# Can we see some before and after pictures of your rescues?



## MBennettp (Nov 7, 2008)

The first is Lady, covered in lice, pregnant and very wormy. The second picture was taken this summer.












The second horse is Little Man the day we brought him home and the second picture was last month.


----------



## babygoose (Nov 8, 2008)

This is Harry that I adopted from a rescue about a year and 1/2 ago. I am working on training him to drive and he is doing well. He has just started ground driving.

Before











After











And here is a link to the rescue that I got him from. He was rescued with Flicka and Pretty Girl, two full sized young horses that were near death from starvation. Flicka had to be loaded on the trailer on a piece of plywood. Harry wasn't near as skinny, but was on the road there had they not been rescued.

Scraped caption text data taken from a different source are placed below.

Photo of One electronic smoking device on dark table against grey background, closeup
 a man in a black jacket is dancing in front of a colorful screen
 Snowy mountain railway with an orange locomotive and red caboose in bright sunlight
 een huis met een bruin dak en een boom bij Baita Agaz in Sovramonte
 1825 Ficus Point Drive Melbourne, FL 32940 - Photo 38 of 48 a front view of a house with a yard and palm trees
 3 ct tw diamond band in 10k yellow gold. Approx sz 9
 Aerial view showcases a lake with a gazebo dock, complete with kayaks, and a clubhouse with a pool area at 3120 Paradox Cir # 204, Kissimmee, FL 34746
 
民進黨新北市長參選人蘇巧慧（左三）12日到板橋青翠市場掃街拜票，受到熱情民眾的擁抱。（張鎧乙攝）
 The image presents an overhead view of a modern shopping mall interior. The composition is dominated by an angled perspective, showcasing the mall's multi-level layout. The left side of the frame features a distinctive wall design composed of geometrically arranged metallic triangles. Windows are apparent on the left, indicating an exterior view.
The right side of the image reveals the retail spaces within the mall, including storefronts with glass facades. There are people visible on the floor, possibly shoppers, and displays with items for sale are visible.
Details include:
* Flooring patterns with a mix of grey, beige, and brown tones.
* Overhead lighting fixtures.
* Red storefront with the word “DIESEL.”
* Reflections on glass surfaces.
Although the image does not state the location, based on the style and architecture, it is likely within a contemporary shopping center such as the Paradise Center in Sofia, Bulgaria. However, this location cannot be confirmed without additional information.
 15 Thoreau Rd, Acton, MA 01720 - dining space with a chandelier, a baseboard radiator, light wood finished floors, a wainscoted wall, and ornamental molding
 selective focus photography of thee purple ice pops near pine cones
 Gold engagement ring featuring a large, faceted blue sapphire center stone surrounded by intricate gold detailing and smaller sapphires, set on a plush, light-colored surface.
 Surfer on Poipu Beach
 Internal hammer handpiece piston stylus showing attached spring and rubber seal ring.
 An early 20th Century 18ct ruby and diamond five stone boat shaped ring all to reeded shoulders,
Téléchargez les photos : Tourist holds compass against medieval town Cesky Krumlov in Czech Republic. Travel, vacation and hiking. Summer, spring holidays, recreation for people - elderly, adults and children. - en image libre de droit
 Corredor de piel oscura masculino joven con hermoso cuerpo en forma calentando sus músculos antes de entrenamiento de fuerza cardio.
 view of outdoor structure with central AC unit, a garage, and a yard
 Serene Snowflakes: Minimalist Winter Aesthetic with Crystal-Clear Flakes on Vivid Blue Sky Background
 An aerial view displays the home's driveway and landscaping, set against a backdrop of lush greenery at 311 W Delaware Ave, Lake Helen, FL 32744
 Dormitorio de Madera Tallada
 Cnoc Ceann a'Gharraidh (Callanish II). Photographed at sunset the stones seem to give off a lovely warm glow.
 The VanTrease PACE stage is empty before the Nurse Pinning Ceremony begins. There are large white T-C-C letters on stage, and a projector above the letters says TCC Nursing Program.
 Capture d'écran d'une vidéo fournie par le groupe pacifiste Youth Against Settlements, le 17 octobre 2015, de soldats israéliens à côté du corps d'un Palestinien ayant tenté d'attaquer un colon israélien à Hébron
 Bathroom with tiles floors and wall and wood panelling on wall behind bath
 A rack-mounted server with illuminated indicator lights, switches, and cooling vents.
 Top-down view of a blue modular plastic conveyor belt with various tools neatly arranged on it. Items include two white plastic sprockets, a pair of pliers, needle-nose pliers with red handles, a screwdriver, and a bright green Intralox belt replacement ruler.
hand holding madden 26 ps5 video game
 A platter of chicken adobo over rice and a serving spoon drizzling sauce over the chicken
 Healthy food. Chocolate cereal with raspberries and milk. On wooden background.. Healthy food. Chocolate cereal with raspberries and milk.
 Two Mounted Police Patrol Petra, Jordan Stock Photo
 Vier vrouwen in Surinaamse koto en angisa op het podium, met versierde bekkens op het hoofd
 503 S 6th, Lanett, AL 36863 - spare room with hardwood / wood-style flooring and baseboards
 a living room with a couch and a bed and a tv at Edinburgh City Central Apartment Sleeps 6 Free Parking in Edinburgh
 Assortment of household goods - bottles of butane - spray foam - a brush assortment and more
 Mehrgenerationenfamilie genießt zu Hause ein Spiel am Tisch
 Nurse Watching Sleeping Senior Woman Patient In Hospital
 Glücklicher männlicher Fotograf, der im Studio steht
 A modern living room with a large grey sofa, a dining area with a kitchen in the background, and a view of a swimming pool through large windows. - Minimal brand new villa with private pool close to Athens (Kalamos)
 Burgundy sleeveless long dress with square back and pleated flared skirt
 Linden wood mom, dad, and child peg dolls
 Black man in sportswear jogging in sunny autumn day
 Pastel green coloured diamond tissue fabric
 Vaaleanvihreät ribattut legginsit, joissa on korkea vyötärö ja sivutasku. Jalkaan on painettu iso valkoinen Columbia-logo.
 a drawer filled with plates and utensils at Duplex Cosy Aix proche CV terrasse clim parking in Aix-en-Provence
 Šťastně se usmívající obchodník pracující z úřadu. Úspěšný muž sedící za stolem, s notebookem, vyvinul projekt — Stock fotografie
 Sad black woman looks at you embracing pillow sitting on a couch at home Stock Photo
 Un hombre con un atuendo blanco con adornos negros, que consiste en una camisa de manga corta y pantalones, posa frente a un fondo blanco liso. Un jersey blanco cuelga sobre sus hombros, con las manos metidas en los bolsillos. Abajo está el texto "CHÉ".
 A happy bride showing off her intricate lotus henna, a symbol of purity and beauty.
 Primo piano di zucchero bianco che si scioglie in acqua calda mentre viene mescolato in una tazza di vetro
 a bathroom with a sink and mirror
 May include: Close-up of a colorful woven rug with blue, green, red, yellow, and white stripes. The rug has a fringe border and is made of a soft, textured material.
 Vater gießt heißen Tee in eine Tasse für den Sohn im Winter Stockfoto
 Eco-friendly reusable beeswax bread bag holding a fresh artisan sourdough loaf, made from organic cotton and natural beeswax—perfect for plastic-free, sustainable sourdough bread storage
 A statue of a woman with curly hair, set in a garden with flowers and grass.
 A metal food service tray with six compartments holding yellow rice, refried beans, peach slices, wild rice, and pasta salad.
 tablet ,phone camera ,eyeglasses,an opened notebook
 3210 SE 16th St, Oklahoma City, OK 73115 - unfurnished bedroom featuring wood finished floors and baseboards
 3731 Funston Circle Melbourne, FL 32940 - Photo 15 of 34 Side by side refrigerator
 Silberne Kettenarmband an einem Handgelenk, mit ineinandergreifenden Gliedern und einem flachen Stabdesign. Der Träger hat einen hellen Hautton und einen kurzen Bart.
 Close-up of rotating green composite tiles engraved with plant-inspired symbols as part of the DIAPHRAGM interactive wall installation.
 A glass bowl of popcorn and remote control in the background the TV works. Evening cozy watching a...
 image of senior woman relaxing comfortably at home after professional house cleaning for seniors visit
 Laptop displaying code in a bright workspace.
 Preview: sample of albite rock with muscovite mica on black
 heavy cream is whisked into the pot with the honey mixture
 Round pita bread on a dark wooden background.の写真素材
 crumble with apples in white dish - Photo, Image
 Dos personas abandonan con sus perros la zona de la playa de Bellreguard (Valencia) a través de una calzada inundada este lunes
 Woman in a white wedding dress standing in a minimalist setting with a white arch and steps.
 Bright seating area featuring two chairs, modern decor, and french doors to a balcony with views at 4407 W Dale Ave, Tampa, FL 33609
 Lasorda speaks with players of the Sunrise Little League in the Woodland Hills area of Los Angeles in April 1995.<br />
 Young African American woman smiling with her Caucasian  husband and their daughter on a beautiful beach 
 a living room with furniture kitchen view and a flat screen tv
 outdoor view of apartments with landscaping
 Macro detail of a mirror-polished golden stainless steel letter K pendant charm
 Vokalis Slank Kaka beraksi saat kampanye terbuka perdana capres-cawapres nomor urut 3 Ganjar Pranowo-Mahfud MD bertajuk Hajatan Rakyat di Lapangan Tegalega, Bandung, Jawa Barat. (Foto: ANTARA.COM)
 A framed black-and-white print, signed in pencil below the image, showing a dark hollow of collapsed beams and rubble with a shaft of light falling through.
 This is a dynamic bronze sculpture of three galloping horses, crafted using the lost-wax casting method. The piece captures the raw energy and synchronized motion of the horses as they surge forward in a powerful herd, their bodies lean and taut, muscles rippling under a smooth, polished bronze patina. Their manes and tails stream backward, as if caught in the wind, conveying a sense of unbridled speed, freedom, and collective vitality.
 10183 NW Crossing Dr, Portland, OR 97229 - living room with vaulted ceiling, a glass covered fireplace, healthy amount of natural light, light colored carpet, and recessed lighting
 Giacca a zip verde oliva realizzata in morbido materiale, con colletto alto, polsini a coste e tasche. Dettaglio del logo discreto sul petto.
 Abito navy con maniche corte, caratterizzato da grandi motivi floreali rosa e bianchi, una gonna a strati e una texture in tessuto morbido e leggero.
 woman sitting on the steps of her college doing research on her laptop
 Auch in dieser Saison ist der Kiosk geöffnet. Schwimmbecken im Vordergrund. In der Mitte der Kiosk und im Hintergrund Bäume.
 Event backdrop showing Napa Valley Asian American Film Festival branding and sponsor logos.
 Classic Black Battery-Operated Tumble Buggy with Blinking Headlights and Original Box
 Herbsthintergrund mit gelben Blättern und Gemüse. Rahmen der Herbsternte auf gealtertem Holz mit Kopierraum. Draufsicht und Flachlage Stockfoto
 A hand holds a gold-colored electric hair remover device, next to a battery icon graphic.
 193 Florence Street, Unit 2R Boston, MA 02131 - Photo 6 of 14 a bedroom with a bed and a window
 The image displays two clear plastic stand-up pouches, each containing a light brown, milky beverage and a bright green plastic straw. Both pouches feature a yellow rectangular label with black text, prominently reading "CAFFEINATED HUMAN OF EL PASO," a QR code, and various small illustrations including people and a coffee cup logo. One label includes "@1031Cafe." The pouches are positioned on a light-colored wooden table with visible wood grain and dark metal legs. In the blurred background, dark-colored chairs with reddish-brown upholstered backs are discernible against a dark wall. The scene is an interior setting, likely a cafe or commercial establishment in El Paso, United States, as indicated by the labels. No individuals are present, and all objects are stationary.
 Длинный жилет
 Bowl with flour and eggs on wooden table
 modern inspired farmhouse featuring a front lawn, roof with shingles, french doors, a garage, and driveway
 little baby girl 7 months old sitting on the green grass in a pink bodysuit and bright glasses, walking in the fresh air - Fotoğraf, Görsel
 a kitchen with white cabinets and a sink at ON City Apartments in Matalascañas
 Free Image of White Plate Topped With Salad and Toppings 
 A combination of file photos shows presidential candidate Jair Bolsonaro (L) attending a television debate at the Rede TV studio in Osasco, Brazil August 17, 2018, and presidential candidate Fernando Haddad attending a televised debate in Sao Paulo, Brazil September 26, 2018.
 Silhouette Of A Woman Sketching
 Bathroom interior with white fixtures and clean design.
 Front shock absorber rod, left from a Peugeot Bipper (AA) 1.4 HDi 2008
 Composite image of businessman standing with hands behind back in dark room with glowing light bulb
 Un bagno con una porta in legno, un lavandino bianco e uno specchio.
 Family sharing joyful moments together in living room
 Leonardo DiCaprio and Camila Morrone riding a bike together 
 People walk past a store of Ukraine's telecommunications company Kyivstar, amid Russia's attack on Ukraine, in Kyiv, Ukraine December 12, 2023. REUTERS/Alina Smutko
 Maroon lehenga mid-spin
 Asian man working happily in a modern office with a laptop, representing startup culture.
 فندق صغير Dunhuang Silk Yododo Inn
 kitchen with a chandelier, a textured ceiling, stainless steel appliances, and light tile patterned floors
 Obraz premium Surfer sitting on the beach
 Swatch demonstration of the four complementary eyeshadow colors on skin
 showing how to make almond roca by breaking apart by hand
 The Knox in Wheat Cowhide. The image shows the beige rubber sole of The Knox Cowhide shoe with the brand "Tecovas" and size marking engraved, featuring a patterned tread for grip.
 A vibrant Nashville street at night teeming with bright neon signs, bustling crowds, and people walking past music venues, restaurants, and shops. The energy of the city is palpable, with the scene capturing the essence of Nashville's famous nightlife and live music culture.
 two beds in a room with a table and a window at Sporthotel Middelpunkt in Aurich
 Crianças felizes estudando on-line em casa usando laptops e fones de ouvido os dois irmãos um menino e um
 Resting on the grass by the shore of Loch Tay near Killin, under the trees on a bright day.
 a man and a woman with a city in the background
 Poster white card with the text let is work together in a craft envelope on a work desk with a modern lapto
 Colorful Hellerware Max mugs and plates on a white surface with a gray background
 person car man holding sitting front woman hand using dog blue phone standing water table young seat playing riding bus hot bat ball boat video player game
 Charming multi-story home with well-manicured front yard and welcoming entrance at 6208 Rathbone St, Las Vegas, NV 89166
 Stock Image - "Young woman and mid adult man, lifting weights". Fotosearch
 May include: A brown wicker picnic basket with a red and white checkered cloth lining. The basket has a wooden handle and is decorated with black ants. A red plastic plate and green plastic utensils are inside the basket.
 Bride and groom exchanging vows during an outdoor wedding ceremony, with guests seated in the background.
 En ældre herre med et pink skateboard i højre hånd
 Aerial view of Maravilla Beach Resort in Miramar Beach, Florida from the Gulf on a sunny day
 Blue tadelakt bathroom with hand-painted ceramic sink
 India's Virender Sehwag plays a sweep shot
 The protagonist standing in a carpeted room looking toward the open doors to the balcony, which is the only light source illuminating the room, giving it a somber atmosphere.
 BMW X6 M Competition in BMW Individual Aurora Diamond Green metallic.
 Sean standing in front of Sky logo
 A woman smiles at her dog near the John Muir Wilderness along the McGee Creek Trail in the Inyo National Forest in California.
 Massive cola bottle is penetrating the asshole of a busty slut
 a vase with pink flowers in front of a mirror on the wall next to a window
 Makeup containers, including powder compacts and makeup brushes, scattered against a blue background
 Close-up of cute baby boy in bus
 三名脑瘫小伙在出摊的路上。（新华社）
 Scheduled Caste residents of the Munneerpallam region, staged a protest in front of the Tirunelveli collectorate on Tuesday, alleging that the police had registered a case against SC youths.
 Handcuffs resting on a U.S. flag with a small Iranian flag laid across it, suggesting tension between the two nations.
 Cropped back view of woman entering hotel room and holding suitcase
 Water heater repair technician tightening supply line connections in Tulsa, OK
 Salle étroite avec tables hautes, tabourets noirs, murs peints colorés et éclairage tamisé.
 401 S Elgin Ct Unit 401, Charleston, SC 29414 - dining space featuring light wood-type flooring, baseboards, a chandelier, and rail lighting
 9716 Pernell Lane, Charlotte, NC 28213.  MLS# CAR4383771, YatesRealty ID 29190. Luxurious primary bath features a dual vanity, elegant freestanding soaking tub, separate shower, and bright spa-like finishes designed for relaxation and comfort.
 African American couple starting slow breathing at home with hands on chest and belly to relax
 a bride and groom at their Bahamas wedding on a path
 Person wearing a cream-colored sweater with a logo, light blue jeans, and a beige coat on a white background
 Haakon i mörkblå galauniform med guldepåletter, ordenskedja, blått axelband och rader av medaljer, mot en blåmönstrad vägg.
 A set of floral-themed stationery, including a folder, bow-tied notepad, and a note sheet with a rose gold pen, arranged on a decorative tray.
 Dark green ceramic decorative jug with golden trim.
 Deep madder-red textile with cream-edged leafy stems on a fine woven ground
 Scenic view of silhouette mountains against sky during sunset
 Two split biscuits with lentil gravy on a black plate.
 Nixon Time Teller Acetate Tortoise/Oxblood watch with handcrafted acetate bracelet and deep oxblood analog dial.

http://www.acheonline.org/

Here is Flicka's story. The mini "Midget Man" in her story is Harry.

http://acheonline.org/index.php?option=com...1&Itemid=31

And Pretty Girl

http://acheonline.org/index.php?option=com...58&catid=22


----------



## Brandi* (Nov 8, 2008)

OMG



I just went to the rescue site you posted and read the story of the poor pit bull in the suitcase! That has GOT to be the worst I have ever heard



:CryBaby I am overwhelmed with tears. I can't even read anymore of the stories because I got too upset by that one. I thought I had heard and seen some bad ones before but that is by far the worst :arg! To think what that POOR little soul went through just makes me so sick





Anyways, I am sorry I got off topic. Your horses look great and it is uplifting to know that there ARE happy endings out there.


----------



## Connie P (Nov 8, 2008)

I'm with you Brandi - My gosh - these types of stories just shake me to my core. The tears just flow for these poor souls that get stuck in these horrible situations. So very sad.

The other rescues posted here are looking just fabulous guys - keep up the good work and bless each and every one of you that help rescue.


----------



## AppyLover2 (Nov 9, 2008)

Mary and Babygoose they all look wonderful!!! Thank you, Thank you for taking such great care of them.


----------



## SaddleTrail (Nov 9, 2008)

The rescue haven is a wonderful place from what I can see. I went to the website after reading these posts and tomorrow I am going to see about one of the minis they have available. I honestly didn't know about this place but since it is only 20 minutes away you can bet I will be going there alot to either help out or adopt.


----------



## SaddleTrail (Nov 9, 2008)

SaddleTrail said:


> The rescue haven is a wonderful place from what I can see. I went to the website after reading these posts and tomorrow I am going to see about one of the minis they have available. I honestly didn't know about this place but since it is only 20 minutes away you can bet I will be going there alot to either help out or adopt.


Forgive me, I was talking about a horse rescue I just found out about here in town called. SafeHaven for horses.


----------



## HobbsFarm (Nov 20, 2008)

WOW! This difference of these 'before and after' horses is amazing! Thank you for sharing!!!

Shannon


----------